-- Data records --
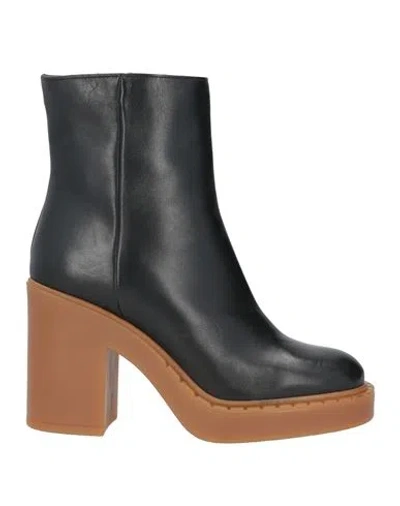 Kaos Woman Ankle Boots Black Size 10 Calfskin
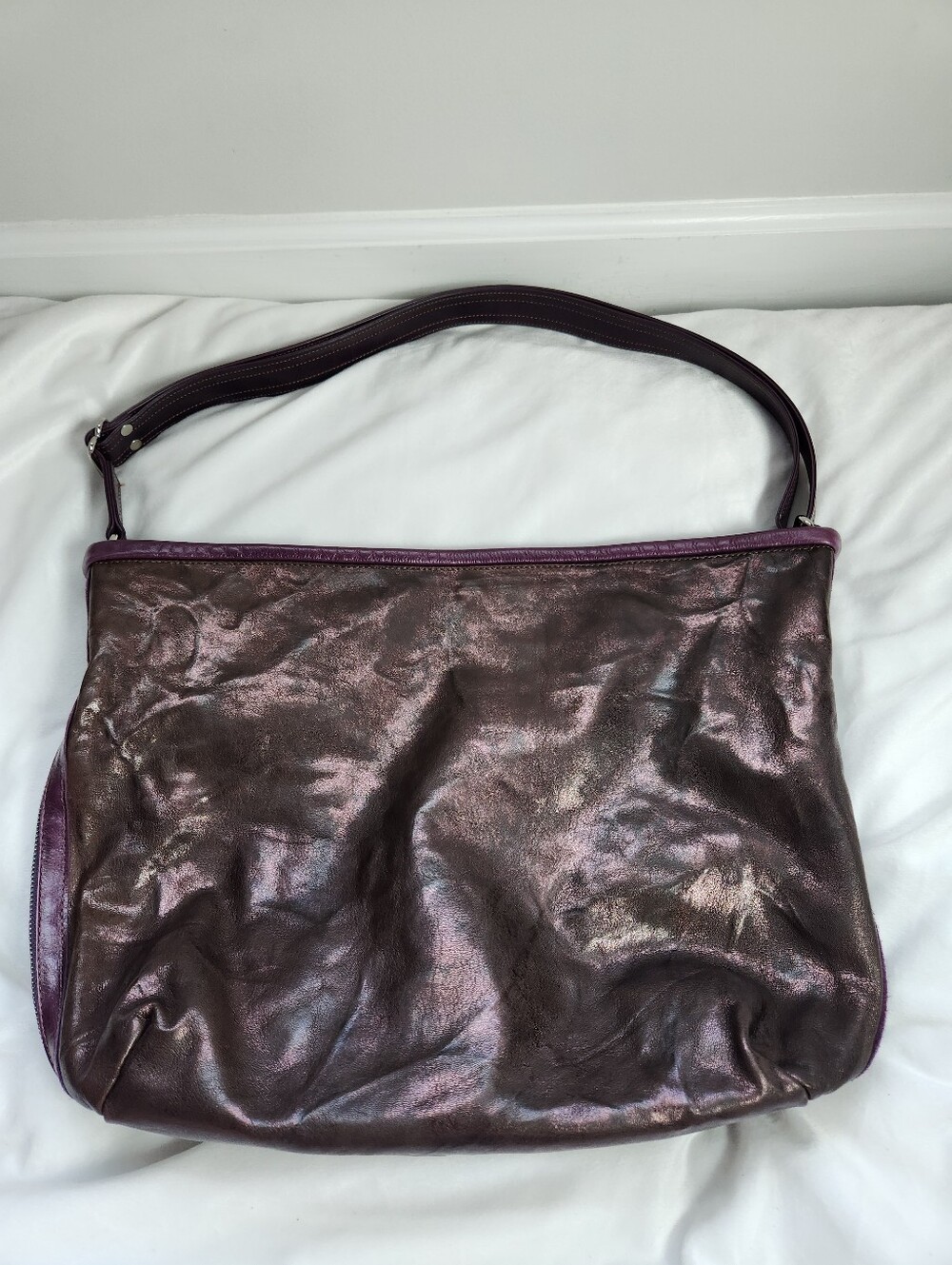 Rough & Tumble E/W Double Zip Boho, Rough Carbon, Large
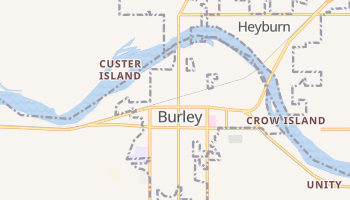 Burley, Idaho map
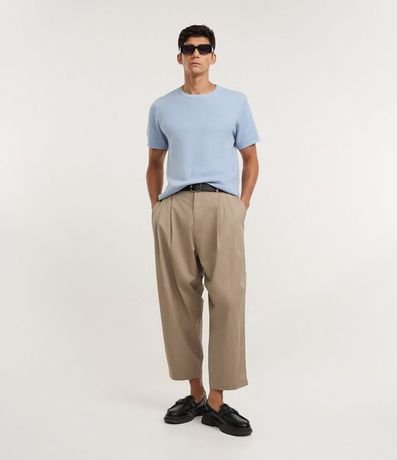 Remera Melange con Efecto en Punto 3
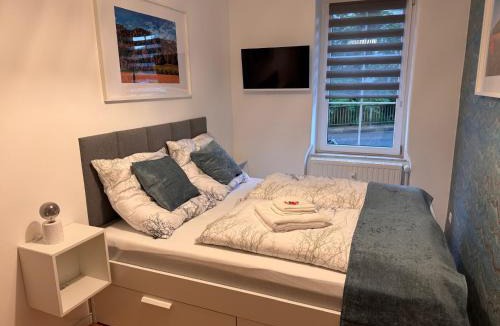 Krippen Apartment | Ferienwohnung Lucy - Moderne Ferienwohnung mit kostenlosem Parkplatz, Terrasse, nahe Bad Schandau und Malerweg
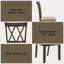 Ensemble de 2 chaises d'appoint en tissu beige et gris vieilli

-- Task prompt --
Reproduce the entries above word for word. Pictures stay out.

-- Solved problem --
 Kaos Woman Ankle Boots Black Size 10 Calfskin
 Rough & Tumble E/W Double Zip Boho, Rough Carbon, Large
 Burley, Idaho map
 Remera Melange con Efecto en Punto 3
 Krippen Apartment | Ferienwohnung Lucy - Moderne Ferienwohnung mit kostenlosem Parkplatz, Terrasse, nahe Bad Schandau und Malerweg
 Ensemble de 2 chaises d'appoint en tissu beige et gris vieilli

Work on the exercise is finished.